For years, the US Department of Veterans Affairs (VA) has painstakingly labored to track, research, and address veteran suicide. Their exceptional work was dealt an unwarranted blow a month ago with the publication of an incomplete report entitled Operation Deep Dive (OpDD). The $3.9 million study from America’s Warrior Partnership (AWP) examined death data of former service members in 8 states between 2014 and 2018. The interim report criticized the VA for minimizing the extent of veteran suicide, asserting, “former service members take their own lives each year at a rate approximately 2.4 times greater than previously reported by the VA.”

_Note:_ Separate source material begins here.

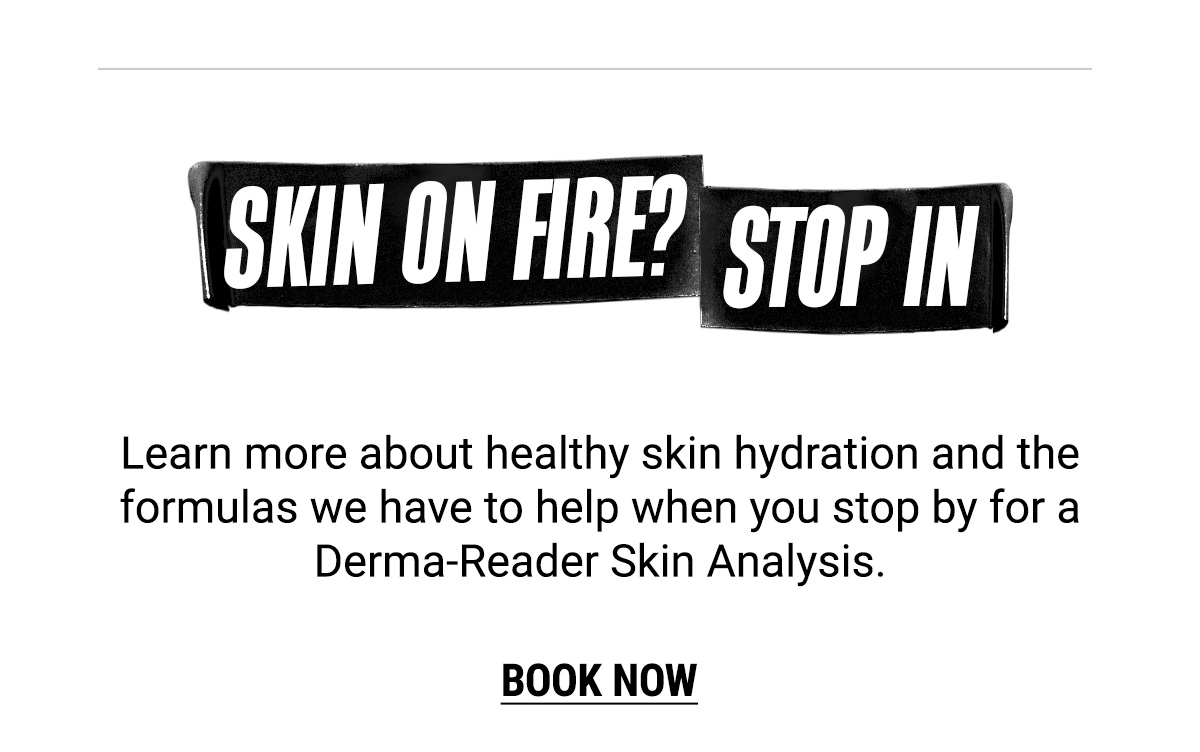 SKIN ON FIRE? STOP IN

The sensational results were accepted at face value and immediately garnered negative nationwide headlines, with lawmakers, media outlets, and veterans rushing to impugn the VA. Senate Committee on Veterans’ Affairs Ranking Republican Member Jerry Moran of Kansas opined, “The disparity between the numbers of veteran suicides reported by the VA and [OpDD] is concerning. We need an honest assessment of the scope of the problem.” A U.S. Medicine headline stated “VA undercounted thousands of veteran suicides. [OpDD] posited daily suicide rate is 240% higher.” Fox News declared, “Veterans committing suicide at rate 2 times higher than VA data show: study,” as did Military Times , “Veterans suicide rate may be double federal estimates, study suggests.”
Disturbingly, those who echoed AWP’s claims got the story backward. It’s AWP, not VA, whose suicide data and conclusions are faulty.

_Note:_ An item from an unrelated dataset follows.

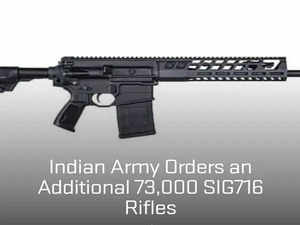 Indian Army orders an additional 73,000 SIG716 rifles: SIG SAUER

For starters, the VA data encompasses veterans across all 50 states, the District of Columbia, Puerto Rico, and the US Virgin Islands. In contrast, AWP inferred national veteran suicide figures based on partial, skewed data. As delineated by researchers in an in-press Military Medicine letter to the Editor, 7 of the 8 states sampled (Alabama, Florida, Maine, Massachusetts, Michigan, Minnesota, Montana, and Oregon) had suicide rates above the national average for the years under investigation. This factor alone overinflates AWP’s purported suicide numbers.
Additionally, AWP altered the definition of “taking one’s life” and then misapplied that designation. Conventionally, the term refers to suicide, but AWP used it to also include nonnatural deaths assessed by coroners and medical examiners as accidental or undetermined. Two examples of this self-injury mortality (SIM) are opioid overdoses and single-driver car crash deaths. AWP added suicides and SIMs to derive a total number of veterans who took their life and falsely contrasted that aggregate against the VA count of suicides. That’s like comparing the whole category of fruit to the subcategory of apples.
AWP should be applauded for drawing attention to and accounting for accidental and undetermined deaths. However, the standard protocol is to consider SIMs distinctly from suicides . Among the many reasons for precise labeling is so that grieving family members aren’t mistakenly informed that their loved one died by suicide. VA conveys the rate of veteran overdose deaths in separate reports, for example, the Veteran Drug Overdose Mortality, 2010-2019 publication. Those numbers were ignored in AWP’s calculations.
AWP was neglectful in another way. The second phase of the project—a deep examination of community-level factors preceding suicides and nonnatural deaths—began in 2019. This information was collected and analyzed through sociocultural death investigation (SDI) interviews of 3 to 4 family members, friends, and colleagues of the deceased. SDIs consisted of 19 factors , such as history of the veteran’s mental health problems, social connectedness, finances, group memberships, and access to firearms. However, the interim report omitted the preliminary analysis of these factors, which AWP stated would be made available this year.